As the Trump administration keeps piling on tariffs, U.S. stock traders are averting their gaze and holding on tight. Corporate finance chiefs are having a more difficult time.
North American chief financial officers’ optimism fell across the board in the third quarter, driven by worry over trade policy and internal risks such as recruiting and maintaining top talent, according to a survey released by Deloitte on Sept. 20.
After hitting an all-time high in the first quarter of this year, a measure of CFOs’ optimism about their own companies’ prospects fell for the second straight period to the lowest in a year.
“CFO optimism, while still strong, appears to be on the retreat amid concerns around global trade and interest rates, combined with the evolving challenge to both identify finance talent and equip teams with the analytical skills they need,” Sandy Cockrell, the Deloitte Global CFO Program leader, wrote in an accompanying report.

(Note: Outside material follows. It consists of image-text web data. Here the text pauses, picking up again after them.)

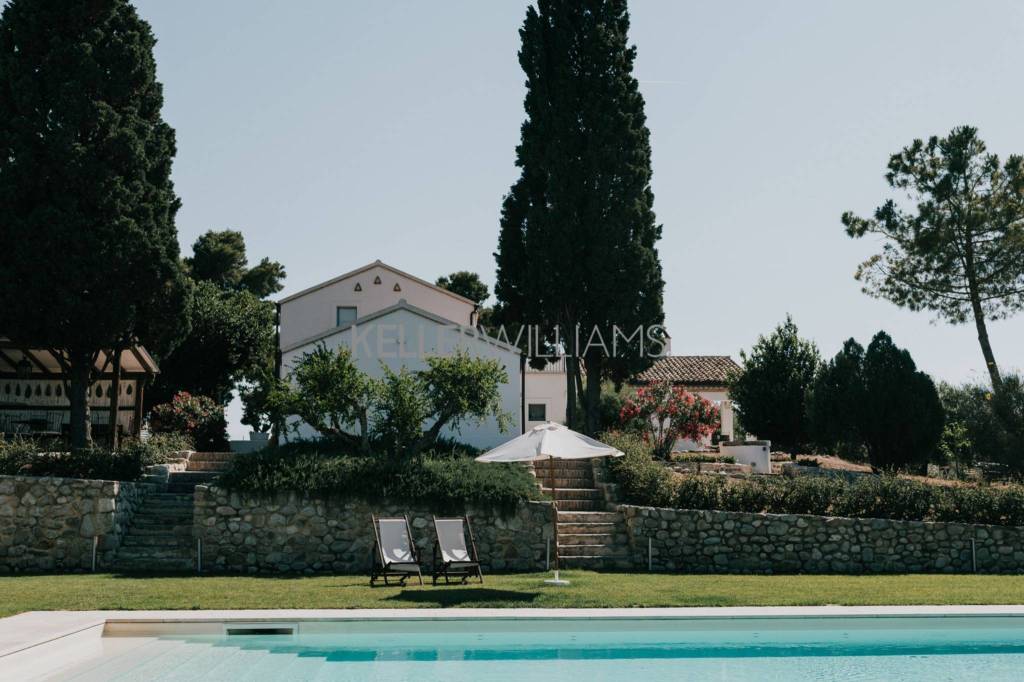casa indipendente in vendita a Montenero di Bisaccia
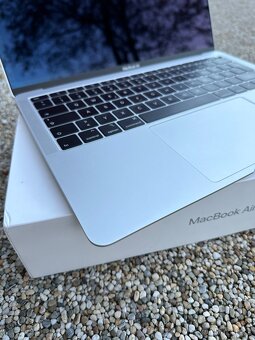 MacBook AIR 13” 2019 250gb SSD - 8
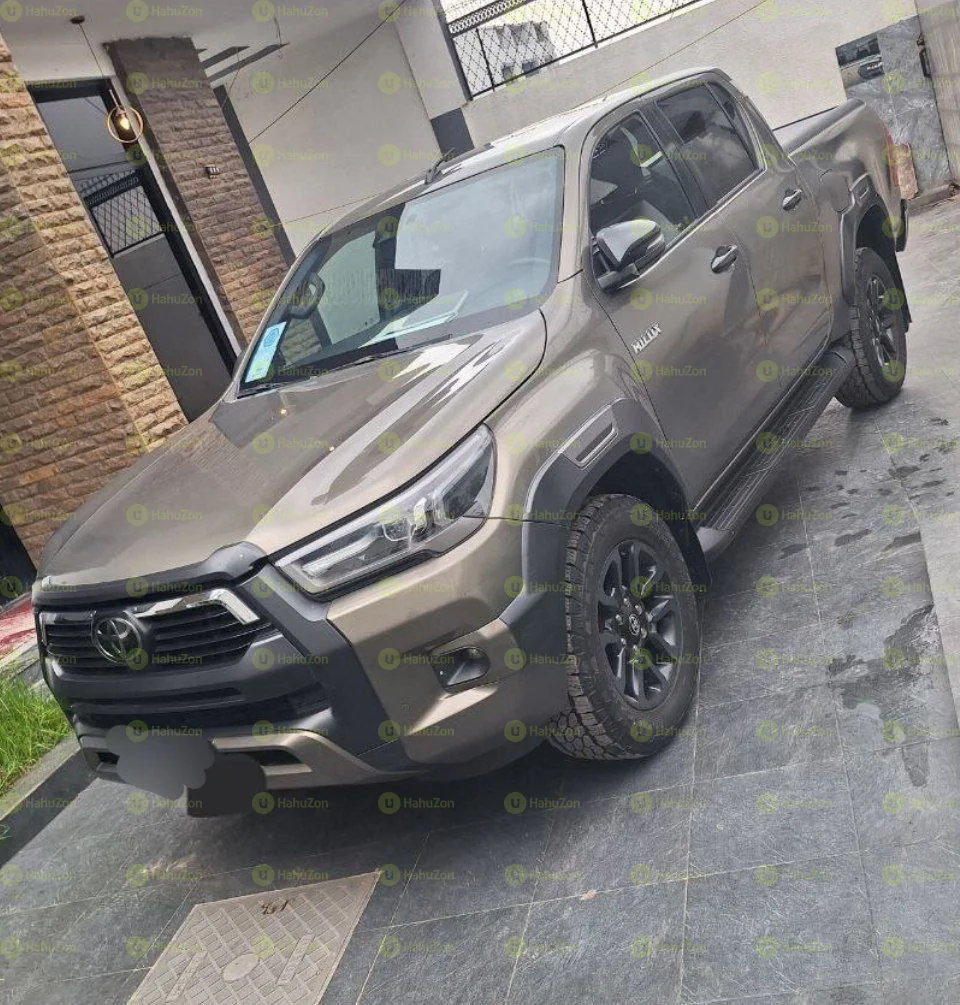 2021 Model-Toyota Hilux invincible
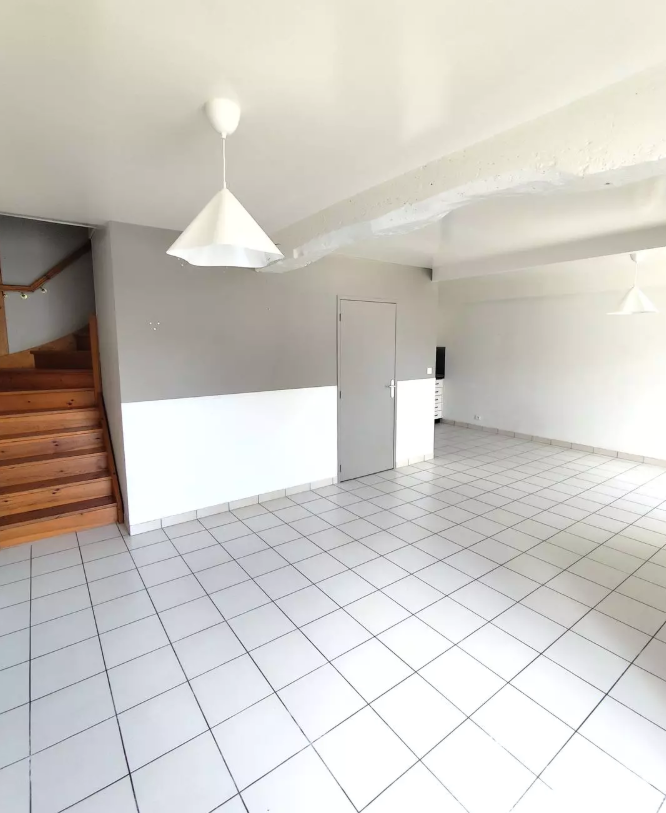 Maison, non meublé, 3 pièces, 72m² à Saint-Maixant (33490) — photo 3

Deloitte collected responses from more than 130 CFOs in North America, most from companies with more than $1 billion in annual revenue. The survey was conducted from Aug. 6 to Aug. 17, a period engulfed with discussion of the potential for the United States to implement further trade tariffs on China and a lead-up to NAFTA negotiations. Most respondents work in the financial services and manufacturing industries.
The findings echo a similar tone expressed in the Federal Reserve’s latest beige book, an anecdotal publication about economic conditions gleaned from interviews and questionnaires across the 12 Fed districts. Businesses are generally optimistic about the near-term outlook, though there is concern about trade tensions, particularly among manufacturers, according to the August report.